Paul Graham è considerato “il filosofo delle startup”. Con un dottorato in filosofia e uno in informatica ad Harvard, ha trovato il tempo per frequentare l’Accademia di Belle Arti di Firenze; fondare una startup poi venduta a Yahoo! per quasi 50 milioni di dollari; e infine, nel 2005 ha creato Y Combinator, il più famoso acceleratore del mondo.

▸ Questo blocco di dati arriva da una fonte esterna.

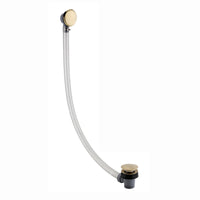 Easy clean cut to size pipe bath sprung waste & overflow (bath thickness 5-15mm) - brushed brass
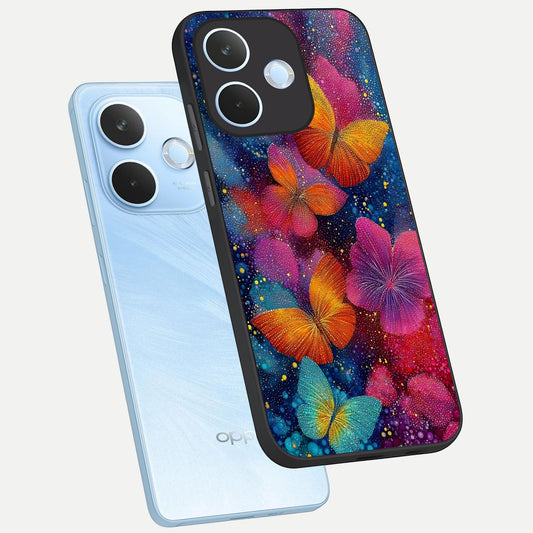 Butterfly Dream Mist phone case For Oppo Reno 15 Pro mini showing premium glass back cover with detailed artwork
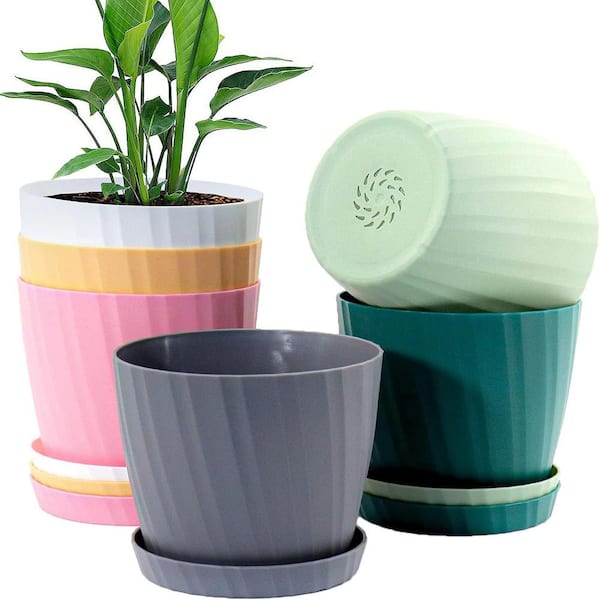ITOPFOX Garden 7 in. L x 6.1 in. W x 5.7 in. H Multicolor Plastic Round Indoor/Outdoor Planter (6-Pack)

Un posto dove sono passate più di 600 startup, molte diventate dei successi globali.
Un anno fa ha lasciato il testimone di Y Combinator a Sam Altman, pur restando il principale riferimento dei ragazzi che passano da Mountain View per un consiglio.
Non a caso l’annuncio di Y Combinator di voler condurre una ricerca sul reddito minimo, segue di qualche giorno due post di Graham che hanno fatto molto discutere: nel primo si analizzano le cause crisi sociale attuale, le forze che spingono verso una frammentazione crescente; nel secondo si parla della ineguaglianza economica creata dalla tecnologia, startup comprese. “Se dovessi guardare le cose solo dal punto di vista della ineguaglianza economica, la dovrei smettere di dare consigli agli startupper su come avere successo, nessuno dovrebbe farlo. Ma le cose sono molto più complesse”.
Che legame c’è fra il progetto di ricerca annunciato da Sam Altman e le sue analisi sulla diseguaglianza economica che distrugge la nostra società?
“Probabilmente c’è, ma non posso dirlo con certezza. Ormai non sono più coinvolto con quello che fanno a Y Combinator ogni giorno”.
Il ragionamento che emerge pare questo: visto che la tecnologia crea una diseguaglianza crescente, il reddito minimo è l’unica soluzione per tenere impedire che una società si autodistrugga. E’ così?
“Io penso che i problemi fondamentali siano la povertà e la mancanza di mobilità sociale, non la povertà in sé. E per quanto il reddito minimo possa essere una buona idea, probabilmente non è l’unica strada che abbiamo davanti”.
Ogni rivoluzione industriale alla fine ha creato più posti di lavoro di quelli che sono andati perduti. Pensa che accadrà lo stesso adesso o ha anche lei la sensazione che in futuro non ci saranno abbastanza lavori per tutti e che dovremmo abituarci a convivere con un crescente tasso di disoccupazione?
“Io credo che il fatto che alla fine il saldo dei posti di lavoro sarà positivo, è uno schema così antico e consolidato, che l’onere della prova del contrario spetta a chiunque lo contesti. E io francamente non vedo perché dovrebbe accadere”.
Alla fine il reddito minimo non è una forma di socialismo? Possiamo quindi parlare di un Socialismo della Silicon Valley?
“Si tratta di un socialismo a metà. Il socialismo significa che a nessuno è consentito di diventare ricco e che nessuno sarà davvero povero. In questo caso vale solo la seconda parte della frase: nessun povero, ma con la possibilità intatta di diventare ricchi”.
Può apparire sorprendente che una discussione di questo tipo prenda corpo in America. E’ lo stesso sentimento sociale che sta spingendo la candidatura alla Casa Bianca del Democratico Bernie Sanders?
“Per me non è affatto una sorpresa. Gli Stati Uniti sono molto diversi. Sarebbe sorprendere sentire un repubblicano del Texas parlare di reddito minimo. Ma la Silicon Valley è diversa, è molto liberal”.
Parliamo di startup. Perché l’ineguaglianza economica che producono nel loro caso è positiva?
“Io non sostengo che sia positiva, quanto che è inevitabile. Chi dà vita ad una startup di successo, alla fine avrà un pacco di azioni che vale un mucchio di soldi. Spetta ai governi prendere misure forti per impedire che accada in maniera esagerata”.
C’è la sensazione che alcune startup, in particolare gli unicorni da un miliardo di dollari, abbiano raggiunto delle valutazioni esagerate e che siamo alla vigilia di una esplosione di questa bolla finanziaria. Dobbiamo prepararci al peggio?
“Chi investe in questo tipo di aziende, si aspetta che molte falliranno. E’ una delle leggi di questo mondo. Ma se tu investi in 5 startup, 4 falliscono e una cresce di 10 volte, tu hai comunque raddoppiato i tuoi soldi. Non c’è nulla di nuovo, è come funziona il mercato dei venture capitalist”.
Questo è il sogno più bello della Silicon Valley. L’ultima utopia dei giovani miliardari che ormai controllano il mondo con le loro piattaforme tecnologiche. Eliminare la povertà per tutti e per sempre, ma senza impedire – è questa la novità – la ricchezza crescente di pochi, dei migliori in un certo senso.